Dalam ceramah tersebut, yang dimaksudkan oleh AR sebagai Partai Allah adalah partai yang membela Allah. Sedangkan, yang ia maksudkan dengan Partai Setan adalah partai yang anti tuhan. Pada dasarnya, definisi yang ia kemukakan sebagai Partai Setan adalah hanya untuk mendukung pragmatisme politiknya semata. Definisi tersebut tanpa ada basis argumentasi yang dapat dipertanggungjawabkan. Dalam kenyataannya, partai politik di Indonesia hampir semuanya adalah partai yang korup, termasuk juga adalah partai yang menggunakan ‘agama’ sebagai landasan politiknya. Artinya, dalam kenyataan politik Indonesia, semua partai adalah ‘Partai Setan’.
Kemudian, terlepas dari lemahnya landasan argumentasi dikotomi yang dilakukan oleh AR tersebut. Secara tidak langsung, ucapan AR tentang Partai Allah dan Partai Setan tersebut sebenarnya menggambarkan situasi mental politik tanah air. Sebagaimana politik teokratis abad pertengahan, orientasi politik teokratisme sebagaimana yang diucapkan AR senantiasa memfokuskan kepada penerapan legal formal ajaran agama dalam negara. Padahal, perdebatan kuno tersebut di Eropa sudah dikubur dalam timbunan sejarah sejak munculnya abad Pencerahan dan Aufklarung di Eropa.
Selain sudah kuno, politik teokratisme selalu mempunyai tendensi untuk membawa politik identitas. Maka kemudian tak heran jika dalam setiap agenda politik teokratisme, ia selalu membawa unsur-unsur primordial dalam politik dan selalu menggunakan propaganda kebencian dalam kampanye politiknya. Dengan demikian, pemikiran politik teokratisme semacam ini sangat tidak relevan diterapkan dalam sebuah masyarakat yang plural seperti Indonesia. Politik teokrasi pada dasarnya menghendaki monisme politik. Dengan kata lain, politik teokratis adalah anti keberagaman.

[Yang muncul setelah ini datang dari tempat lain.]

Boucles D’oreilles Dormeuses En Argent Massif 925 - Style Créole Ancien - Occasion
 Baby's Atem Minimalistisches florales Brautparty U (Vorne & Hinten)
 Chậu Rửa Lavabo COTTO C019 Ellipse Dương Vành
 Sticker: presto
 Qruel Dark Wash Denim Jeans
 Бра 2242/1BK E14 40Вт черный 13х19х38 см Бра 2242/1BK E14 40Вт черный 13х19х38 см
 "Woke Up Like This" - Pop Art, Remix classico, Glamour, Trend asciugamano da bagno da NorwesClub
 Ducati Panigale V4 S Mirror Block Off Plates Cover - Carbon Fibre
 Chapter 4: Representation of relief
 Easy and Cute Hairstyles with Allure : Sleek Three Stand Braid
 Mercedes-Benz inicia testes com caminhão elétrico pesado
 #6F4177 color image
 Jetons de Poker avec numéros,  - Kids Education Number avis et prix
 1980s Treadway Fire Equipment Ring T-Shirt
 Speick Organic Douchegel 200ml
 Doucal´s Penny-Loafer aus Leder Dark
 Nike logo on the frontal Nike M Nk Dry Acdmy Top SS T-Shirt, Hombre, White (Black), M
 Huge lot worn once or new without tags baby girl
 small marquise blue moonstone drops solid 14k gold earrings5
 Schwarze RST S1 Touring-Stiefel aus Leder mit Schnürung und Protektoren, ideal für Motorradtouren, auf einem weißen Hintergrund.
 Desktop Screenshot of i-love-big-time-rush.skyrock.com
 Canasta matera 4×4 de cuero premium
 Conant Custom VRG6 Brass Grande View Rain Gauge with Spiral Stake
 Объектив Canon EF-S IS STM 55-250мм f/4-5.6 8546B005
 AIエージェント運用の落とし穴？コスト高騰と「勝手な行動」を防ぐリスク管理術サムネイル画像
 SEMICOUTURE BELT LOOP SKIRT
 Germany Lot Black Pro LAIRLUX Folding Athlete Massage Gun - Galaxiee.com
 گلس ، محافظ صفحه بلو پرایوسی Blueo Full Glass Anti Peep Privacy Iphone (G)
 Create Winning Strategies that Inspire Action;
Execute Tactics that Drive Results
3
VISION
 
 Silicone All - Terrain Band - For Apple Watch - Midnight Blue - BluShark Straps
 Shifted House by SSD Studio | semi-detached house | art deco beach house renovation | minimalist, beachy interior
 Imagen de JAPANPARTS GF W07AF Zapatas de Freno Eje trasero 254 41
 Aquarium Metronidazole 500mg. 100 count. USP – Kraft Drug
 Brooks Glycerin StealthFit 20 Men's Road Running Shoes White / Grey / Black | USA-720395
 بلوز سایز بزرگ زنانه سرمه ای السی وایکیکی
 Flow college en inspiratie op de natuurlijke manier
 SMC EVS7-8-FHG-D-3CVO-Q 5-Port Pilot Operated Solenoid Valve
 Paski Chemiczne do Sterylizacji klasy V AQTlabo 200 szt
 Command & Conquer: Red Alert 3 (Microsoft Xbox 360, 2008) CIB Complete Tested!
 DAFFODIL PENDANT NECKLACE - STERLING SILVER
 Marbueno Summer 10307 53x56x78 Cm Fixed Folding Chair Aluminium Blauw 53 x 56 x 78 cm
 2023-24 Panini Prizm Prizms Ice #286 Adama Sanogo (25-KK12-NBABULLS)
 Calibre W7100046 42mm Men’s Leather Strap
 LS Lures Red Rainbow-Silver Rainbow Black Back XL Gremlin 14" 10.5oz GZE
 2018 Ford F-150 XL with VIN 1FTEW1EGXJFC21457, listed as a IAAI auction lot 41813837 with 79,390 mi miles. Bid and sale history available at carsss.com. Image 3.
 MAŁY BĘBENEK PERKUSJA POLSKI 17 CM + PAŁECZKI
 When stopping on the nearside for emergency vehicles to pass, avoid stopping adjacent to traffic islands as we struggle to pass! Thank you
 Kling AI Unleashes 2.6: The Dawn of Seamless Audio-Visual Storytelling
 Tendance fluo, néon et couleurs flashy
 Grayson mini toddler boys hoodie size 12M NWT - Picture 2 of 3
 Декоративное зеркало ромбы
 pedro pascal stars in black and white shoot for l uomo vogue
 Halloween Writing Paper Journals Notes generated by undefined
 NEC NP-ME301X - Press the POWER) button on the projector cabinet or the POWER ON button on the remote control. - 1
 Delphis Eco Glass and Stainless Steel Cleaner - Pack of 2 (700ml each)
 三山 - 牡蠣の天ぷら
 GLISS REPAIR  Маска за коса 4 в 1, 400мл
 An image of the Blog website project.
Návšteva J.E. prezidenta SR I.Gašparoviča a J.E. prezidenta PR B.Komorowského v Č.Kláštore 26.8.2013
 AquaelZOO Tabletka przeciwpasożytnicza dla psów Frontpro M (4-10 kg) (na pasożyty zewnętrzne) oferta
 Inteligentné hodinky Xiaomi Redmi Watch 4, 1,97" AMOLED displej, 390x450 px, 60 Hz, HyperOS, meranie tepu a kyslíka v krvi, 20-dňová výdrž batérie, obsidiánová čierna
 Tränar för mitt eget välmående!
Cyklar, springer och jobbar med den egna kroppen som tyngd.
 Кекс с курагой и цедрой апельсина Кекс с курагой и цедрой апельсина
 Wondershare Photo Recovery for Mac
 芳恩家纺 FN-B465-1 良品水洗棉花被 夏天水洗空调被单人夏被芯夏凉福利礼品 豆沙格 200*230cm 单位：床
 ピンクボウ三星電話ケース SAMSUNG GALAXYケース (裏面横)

Kemudian, politik teokratis sebagaimana yang diucapkan oleh AR tersebut hanya memperjuangkan legal formal agama dalam politik. Ia tidak memperjuangkan nilai-nilai substansial agama dalam perjuangan politik. Padahal, melihat kondisi dunia hari ini yang penuh dengan krisis kemiskinan dan kerusakan lingkungan, justru nilai-nilai agama yang seharusnya lebih penting diperjuangkan dalam politik.
Seperti kasus tumpahnya bahan bakar minyak (BBM) yang terjadi di Laut Balikpapan minggu lalu, yang mengakibatkan keruskan ekosistem laut yang parah. Begitu pula kasus pebakaran hutan Sumatera dan Kalimantan oleh korporasi besar beberapa tahun yang lalu dan kasus-kasus kerusakan lingkungan yang lainnya. Hal ini mengisyaratkan bahwa krisis lingkungan yang besar seperti itu lebih membutuhkan atensi politik kita bersama yang bersumber dari nilai-nilai substansial agama untuk mengatasi persoalan tersebut.
Di dalam ajaran Islam misalnya, ada konsep tentang khalifah di bumi. Dalam ajaran tersbut, manusia oleh Allah ditugaskan untuk menjadi pengelola kelestarian alam di dunia. Artinya, mandat seperti ini yang seharusnya diperjuangkan oleh agama dalam politik. Bukan malah sebaliknya, politik agama hanya sibuk memikirkan dirinya sendiri dan lupa terhadap nilai-nilai yang diajarkan oleh kitab sucinya.
Dengan demikian, kita seharusnya meninggalkan politik agama dalam kerangka teokratisme yang selalu bermuatan politik identitas. Seharusnya politik agama memperjuangkan nilai-nilai substansial dari ajaran agama yang saat ini lebih relevan untuk menjawab tantangan krisis lingkungan yang semakin hari semakin parah. Wallohua’lam.
M. Fakhru Riza, Penulis adalah pegiat di Islami Institute Jogja.